WTF.... Rhett Karren drew ANOTHER tag! THis time a Sheep!


----------



## gdog (Sep 13, 2007)

Buddy drew the South Slope Diamond Mnt. Archery Elk tag.


----------



## proutdoors (Sep 24, 2007)

.45 said:


> proutdoors said:
> 
> 
> > Looks like coyoteslayer drew an antelope tag! Congrats.
> ...


You can't trust the little feller! Sneaking little bastage.


----------



## Treehugnhuntr (Sep 7, 2007)

Man, maybe I should rethink my strategy, 4 or 5 years of not putting in could land me a decent auction tag!


----------



## Raptorman (Aug 18, 2009)

Another donation from me, oh well though thats what I expected. Good luck to those that did draw!


----------



## proutdoors (Sep 24, 2007)

I think a relative of sawsman drew a Book Cliffs deer tag as well.


----------



## .45 (Sep 21, 2007)

proutdoors said:


> I think a relative of sawsman drew a Book Cliffs deer tag as well.


Nope, I called him. He doesn't know him.


----------



## proutdoors (Sep 24, 2007)

.45 said:


> proutdoors said:
> 
> 
> > I think a relative of sawsman drew a Book Cliffs deer tag as well.
> ...


----------



## bigbuckhunter64 (May 6, 2008)

An uncle drew Bookcliffs roadless any weapon, a buddy from Moab drew Monroe any weapon and another friend drew a Manti tag....WTF do I have to do?


----------



## coyoteslayer (Sep 10, 2007)

WOOOHOOOOO *()* *()* *()* *()* *()* *()* *()* *()* *()* *()* *()* -*|*- -*|*- -*|*- *(())* *(())* *(())* *(())* *(())* 

<<--O/ -8/- -8/- -8/-


----------



## El Matador (Dec 21, 2007)

Clay Egan drew a Manti bull tag, good for him. He's the paraplegic rockcrawling guy that competes in UROC.


----------



## coyoteslayer (Sep 10, 2007)

> WTF ???? Here is a quote from him earlier, I think he was trying to steer us away from a win....


.45, I would never do such a thing :wink:


----------



## sawsman (Sep 13, 2007)

Congrats coyoteslayer!! :-|O|-:



bigbuckhunter64 said:


> An uncle drew Bookcliffs roadless any weapon, a buddy from Moab drew Monroe any weapon and another friend drew a Manti tag....*WTF do I have to do*?


Wait about ten more years for your tag and help your uncle and friends on their hunt?

I know... O|*


----------



## PhoebeMoses (Feb 19, 2010)

Well I didn't draw the Rocky Mt Sheep tag, I guess I will have to be content with the Stone Sheep tag that I won at the Full Curl Society event! I still can't believe I won a Stone Sheep tag! I was hoping to see a friend or family member draw something today so they could celebrate with me... I guess they will have to celebrate with me after the State draw or dedicated hunter draw.... I have always been happy to put my money in for the draws, and not just for the chance to win but because I support where the money is spent and the event itself.

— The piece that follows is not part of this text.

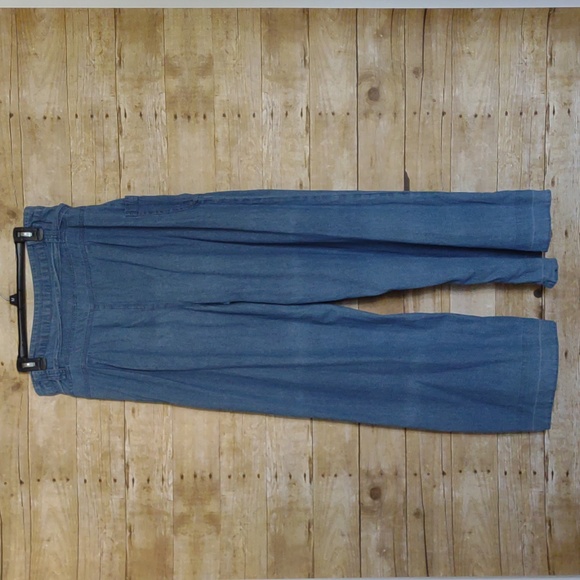 American Eagle wide leg high waisted jeans - Picture 4 of 9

I believe any hunter that has the opportunity should attend the expo, even if you don't like certain aspects of it... I say come share your thoughts, try and learn a bit and discuss future possibilities this will help make the event even better.... and if your one of the lucky ones like me, you'll be going on the hunt of a life time! What do you all think?


----------



## swbuckmaster (Sep 14, 2007)

found this on another web sight!!! -O|o- -O|o- -O|o-. PS I am also a fan of John Bair aka "10r"!

"I was reviewing some of the posts from last year and found this quote from John Bair in response to questions regarding his pronghorn tag: "Trust me if it was rigged I would be hunting sheep. I'm stoked to be hunting speed goats. Thanks to everyone that came out to the expo."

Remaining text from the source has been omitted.